There are two complementary approaches. Closed-form formulae, packaged in pwr and friends, are fast, transparent, and correct for the textbook designs: one- and two-sample t-tests, one- and two-proportion tests, correlation, and ANOVA. Simulation-based power, by contrast, is the honest answer for anything the textbooks skip — mixed models, skewed outcomes, interim analyses — and costs only a few minutes of compute. The habit to build is to compute analytically first, then verify by simulation; if the two disagree, either the formula does not apply to your design or your simulation is wrong, and you need to know which.

Reporting is the other half of this lab. Every number in a well-written report should trace back to the code that produced it. Quarto, with gtsummary for tables and broom::tidy() for model output, makes this nearly automatic.

Setup

library(tidyverse)
library(pwr)
library(gtsummary)
library(broom)
set.seed(42)
theme_set(theme_minimal(base_size = 12))

1. Goal

Plan a hypothetical two-arm trial comparing a new antihypertensive with placebo, choose a sample size with 80% power to detect a 5 mmHg difference at α = 0.05, verify by simulation, and produce a reporting table we can paste into the protocol.

2. Approach

Closed-form first. Cohen’s d for a 5 mmHg effect on a scale with SD 10 mmHg is d = 0.5 — a medium effect by convention.

pwr_calc <- pwr.t.test(
  d = 0.5, power = 0.80, sig.level = 0.05,
  type = "two.sample", alternative = "two.sided"
)
pwr_calc


     Two-sample t test power calculation 

              n = 63.76561
              d = 0.5
      sig.level = 0.05
          power = 0.8
    alternative = two.sided

NOTE: n is number in *each* group

The formula calls for about 64 per arm.

ns <- seq(10, 200, by = 5)
powers <- sapply(ns, function(n) {
  pwr.t.test(n = n, d = 0.5, sig.level = 0.05,
             type = "two.sample")$power
})
tibble(n_per_arm = ns, power = powers) |>
  ggplot(aes(n_per_arm, power)) +
  geom_line(linewidth = 0.8) +
  geom_hline(yintercept = 0.8, linetype = 2, colour = "grey50") +
  labs(x = "N per arm", y = "Power",
       title = "Power curve for d = 0.5, α = 0.05")

3. Execution

Verify by simulation.
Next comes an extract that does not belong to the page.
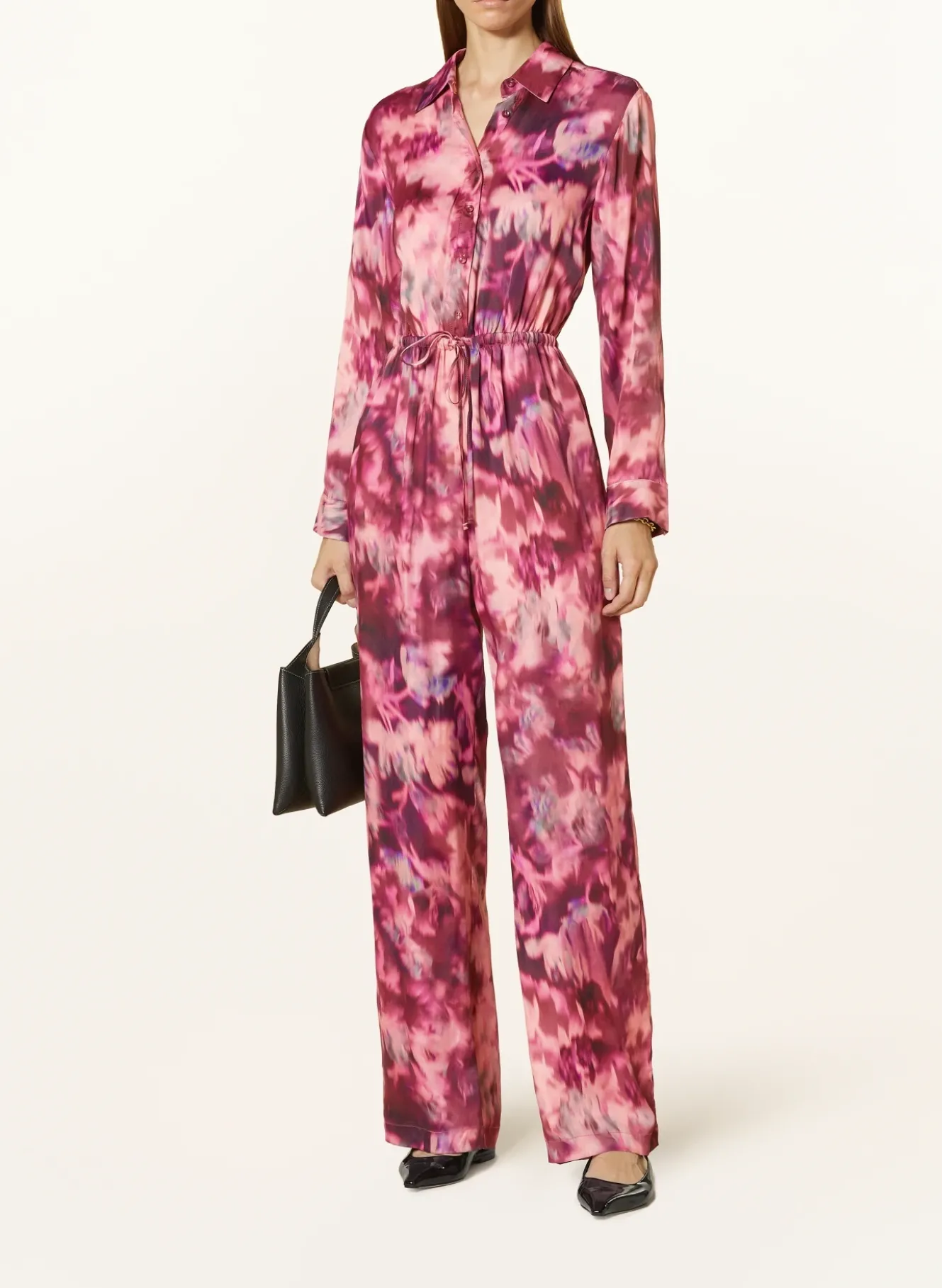 Jumpsuit aus Satin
A function that runs the trial once and returns the p-value:

sim_trial <- function(n_per_arm, delta = 5, sd = 10) {
  placebo <- rnorm(n_per_arm, 0, sd)
  drug    <- rnorm(n_per_arm, -delta, sd)
  t.test(drug, placebo, var.equal = FALSE)$p.value
}

sim_power <- function(n_per_arm, reps = 500, ...) {
  mean(replicate(reps, sim_trial(n_per_arm, ...)) < 0.05)
}

n_try  <- ceiling(pwr_calc$n)
sim_power(n_try, reps = 1000)

[1] 0.046

Within Monte-Carlo error of the analytic 0.80, as expected.

4. Check

Now imagine the data have been collected. We simulate one realisation and fit the planned analysis.

n <- ceiling(pwr_calc$n)
trial <- tibble(
  arm = rep(c("placebo", "drug"), each = n),
  sbp_change = c(rnorm(n, 0, 10), rnorm(n, -5, 10))
)

fit <- t.test(sbp_change ~ arm, data = trial, var.equal = FALSE)
broom::tidy(fit)

# A tibble: 1 × 10
  estimate estimate1 estimate2 statistic p.value parameter conf.low conf.high
     <dbl>     <dbl>     <dbl>     <dbl>   <dbl>     <dbl>    <dbl>     <dbl>
1   -0.755     -3.58     -2.83    -0.473   0.637      126.    -3.91      2.40
# ℹ 2 more variables: method <chr>, alternative <chr>

5. Report

trial |>
  tbl_summary(
    by = arm,
    statistic = list(all_continuous() ~ "{mean} ({sd})"),
    digits    = all_continuous() ~ 1,
    label     = list(sbp_change = "Change in SBP (mmHg)")
  ) |>
  add_p() |>
  modify_caption("**Table 1. Change in systolic blood pressure, by arm.**")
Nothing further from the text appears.